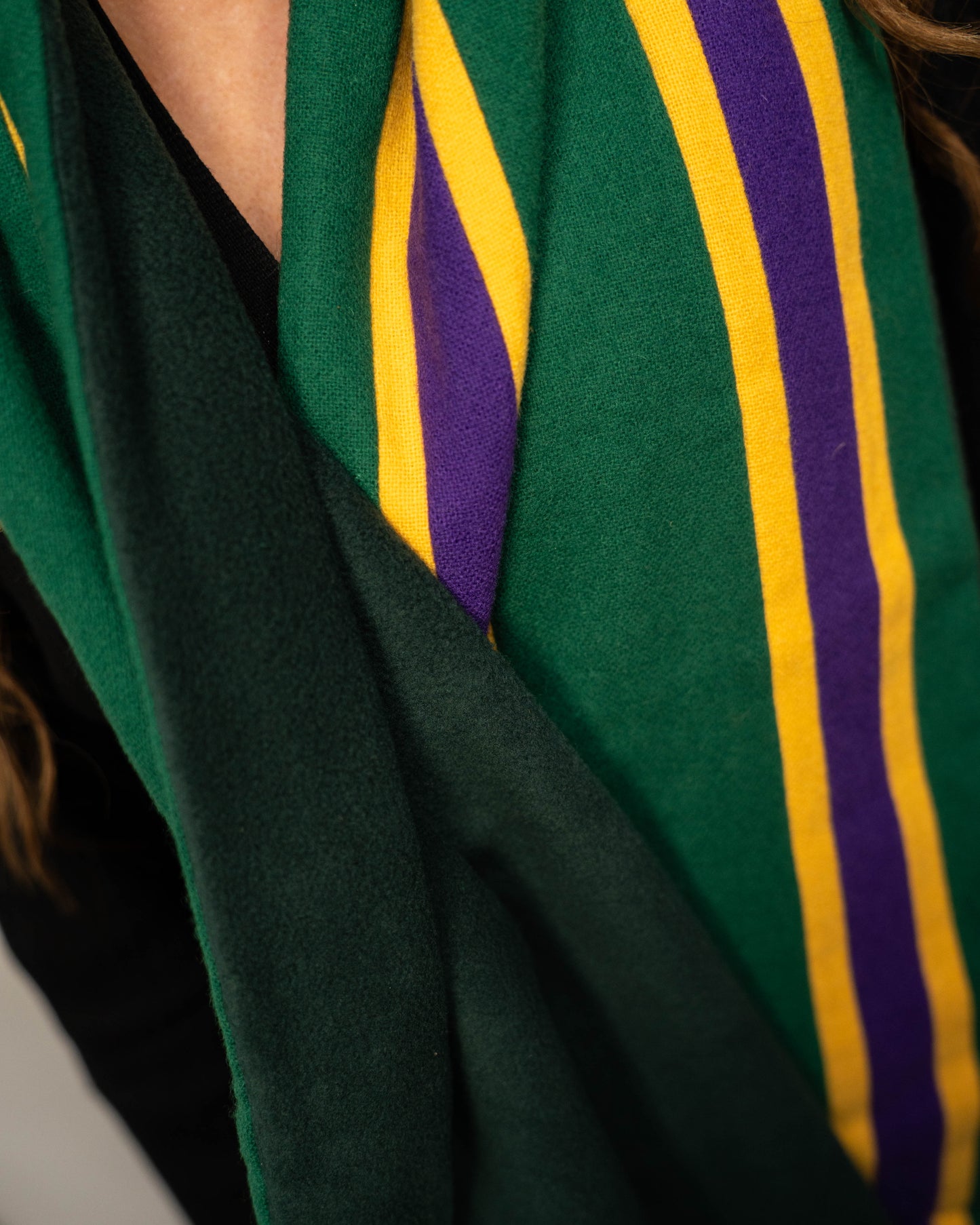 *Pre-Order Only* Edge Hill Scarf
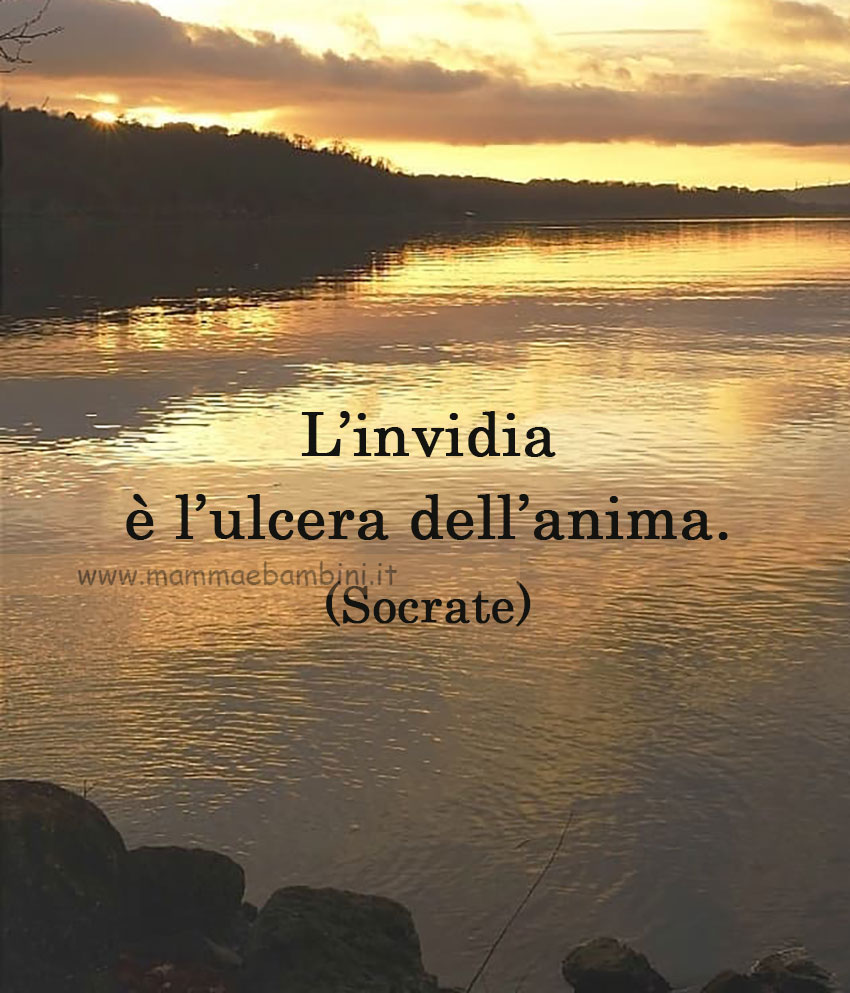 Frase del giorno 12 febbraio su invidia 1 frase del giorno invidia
---
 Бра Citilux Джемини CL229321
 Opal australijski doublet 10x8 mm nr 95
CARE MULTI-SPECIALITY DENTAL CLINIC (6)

_Task directions:_
Starting at the line with "Edge Hill Scarf" and finishing at the line with "Frase del giorno 12", copy the material above exactly, both lines included. Nothing else goes in, and no pictures.

_Exercise solution:_
 *Pre-Order Only* Edge Hill Scarf
 Frase del giorno 12 febbraio su invidia 1 frase del giorno invidia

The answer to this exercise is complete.